ASSIGNED TASK =
The reply needs the lines from the one containing "Open Mind Advanced C1 WB online (kod)" through the end of the material, each repeated exactly, and no pictures.

DATA SECTION =
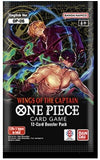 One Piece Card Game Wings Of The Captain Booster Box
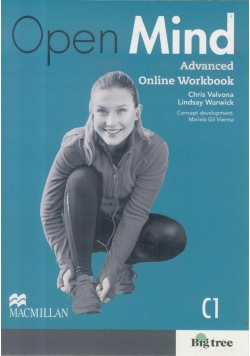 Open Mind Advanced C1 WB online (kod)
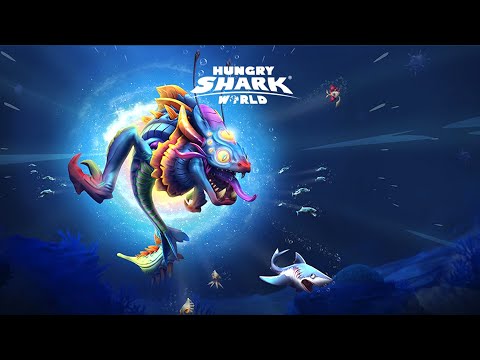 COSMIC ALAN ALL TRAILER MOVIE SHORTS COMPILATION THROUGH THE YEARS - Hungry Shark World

COMPLETED TASK =
 Open Mind Advanced C1 WB online (kod)
 COSMIC ALAN ALL TRAILER MOVIE SHORTS COMPILATION THROUGH THE YEARS - Hungry Shark World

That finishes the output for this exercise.